I am Clair Marie and I have ALK positive lung cancer. As I never smoked this came as a massive shock to me when I was diagnosed in February 2022 at age 43.
I had been suffering with serve back pain back in December 2021 and saw my GP who referred me to a physio. They said it was muscle strain from my job in Early Years and that I needed to carry on with physical activity and complete exercises at home. At the time, I asked the question of cancer and was dismissed as ‘too young’ and not having any other symptoms. Trusting the professionals, I didn’t pursue my concerns. Over Christmas the back pain was so severe I was could hardly move from the sofa and had to lie down while my husband did everything. It was just such an awful time. I went back to the physio who gave me more exercises and advised seeing an osteopath. I did this; however, they made the pain so much worse, and I could barely walk.
During one of the early sessions, she clicked my back, and I am still convinced that she broke it.

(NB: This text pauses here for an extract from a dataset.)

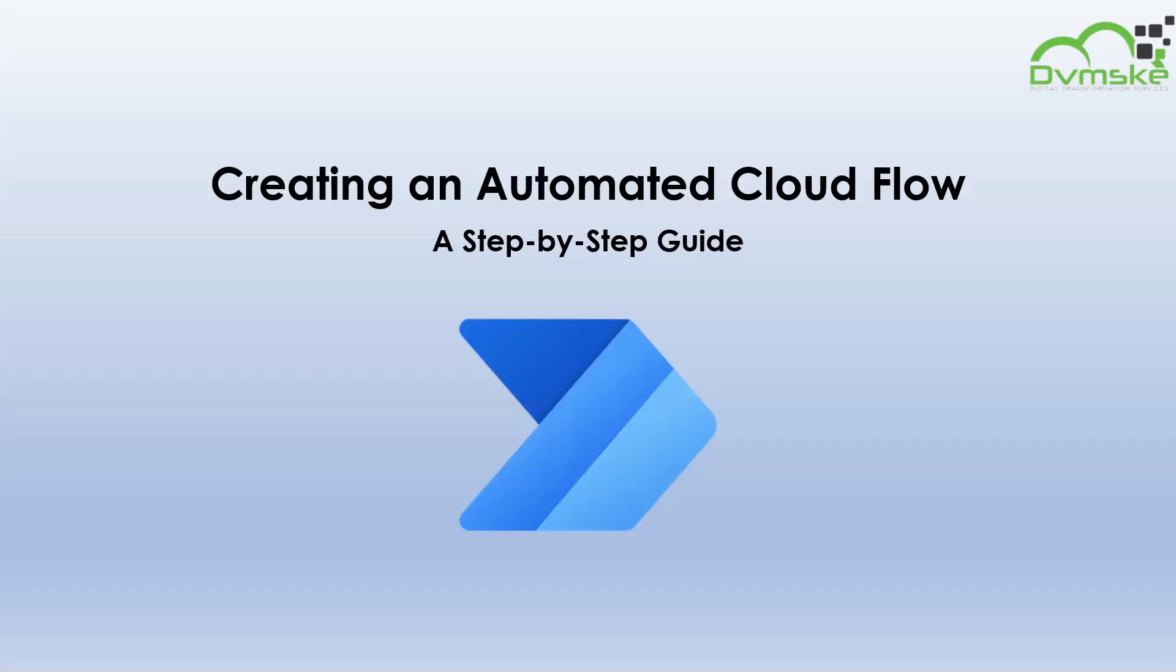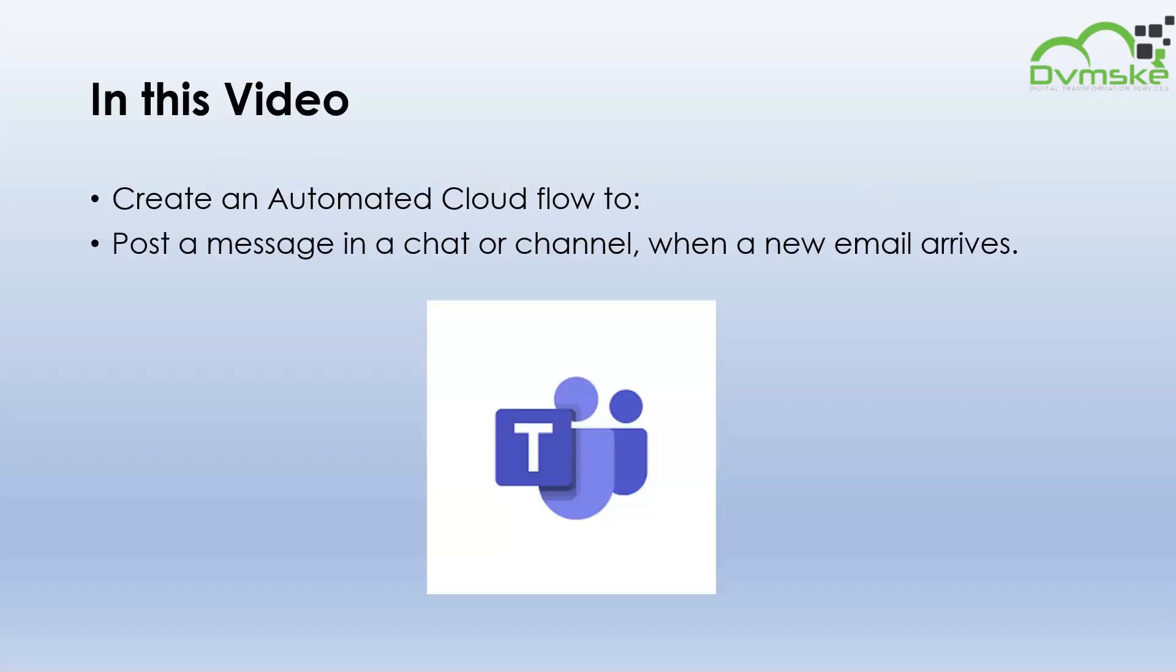Hello everyone, welcome back to our channel. In this video we are going to create an automatic cloud flow. An automatic cloud flow's trigger is a designated event that happens outside of Power Automate, for example when we receive a Teams message or an Outlook email. In this video we will create an automatic cloud flow to post a message in a chat or channel when a new email arrives.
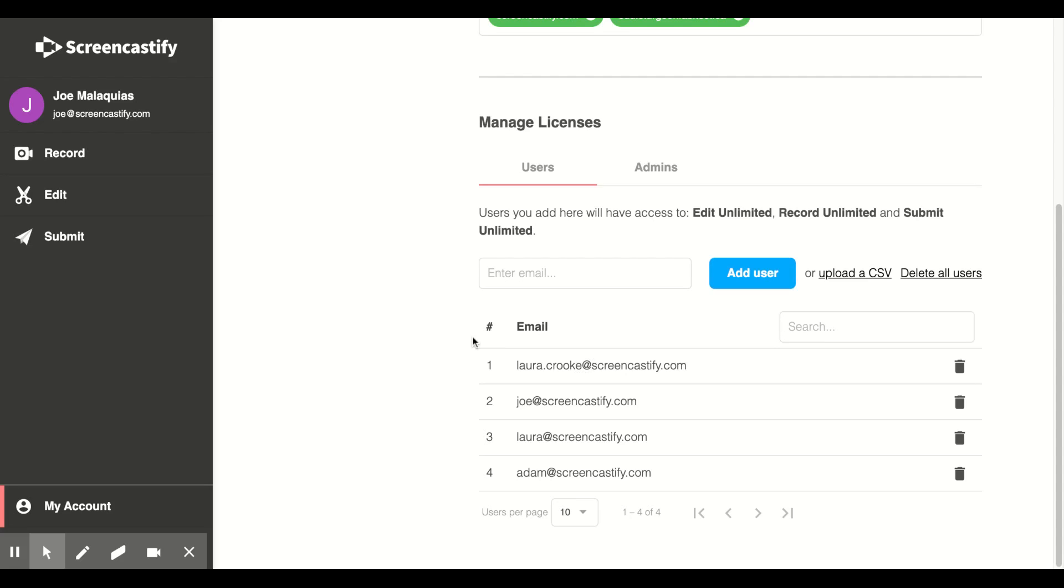You will now see that the emails should appear under Users. If that number is smaller than what you're expecting, the most likely explanation is that some of the emails in your list were invalid. Please double-check your list for errors.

In January 2022, I came down with covid, which turned out to be the thing that would save my life. My symptoms got worse, not better, I was finding it hard to breathe and also a lump appeared on my spine. Enough was enough, so I called my doctors surgery and explained that I urgently needed to see my doctor. The following day, I was at the doctors feeling so ill and in so much pain that my mum had to come with me as I could barely walk, let alone drive.
The doctor did an examination and asked a lot of questions. He wasn’t happy and sent me for urgent chest and spine x-rays. The x-rays showed shadowing on my left lung and breaks in my spine. The doctor wondered if I had been hurt or had an accident, I said no. I still wasn’t worried, but two days later I was being referred for a CT scan and also had a lung specialist nurse making contact.
I had my CT scan a week later, but when I was called back that same day by the lung specialist nurse asking me to come back in to see the consultant and to bring someone with me, I knew it was going to be cancer. Nothing however prepared me for what the consultant was about to sh. The CT scan had shown a mass on my left lung (4cm long) and I had tumours on my spine, ribs and sacrum. I had stage 4 lung cancer! I literally couldn’t believe my ears and had a panic attack there and then.
The rest has been a whirlwind of appointments from biopsies to MRI scans, the brain one being the scariest. I was started on a course of radiotherapy for the bone tumours, which was so painful and agitated the tumours. Imagine lying still for 20 minutes on a broken back!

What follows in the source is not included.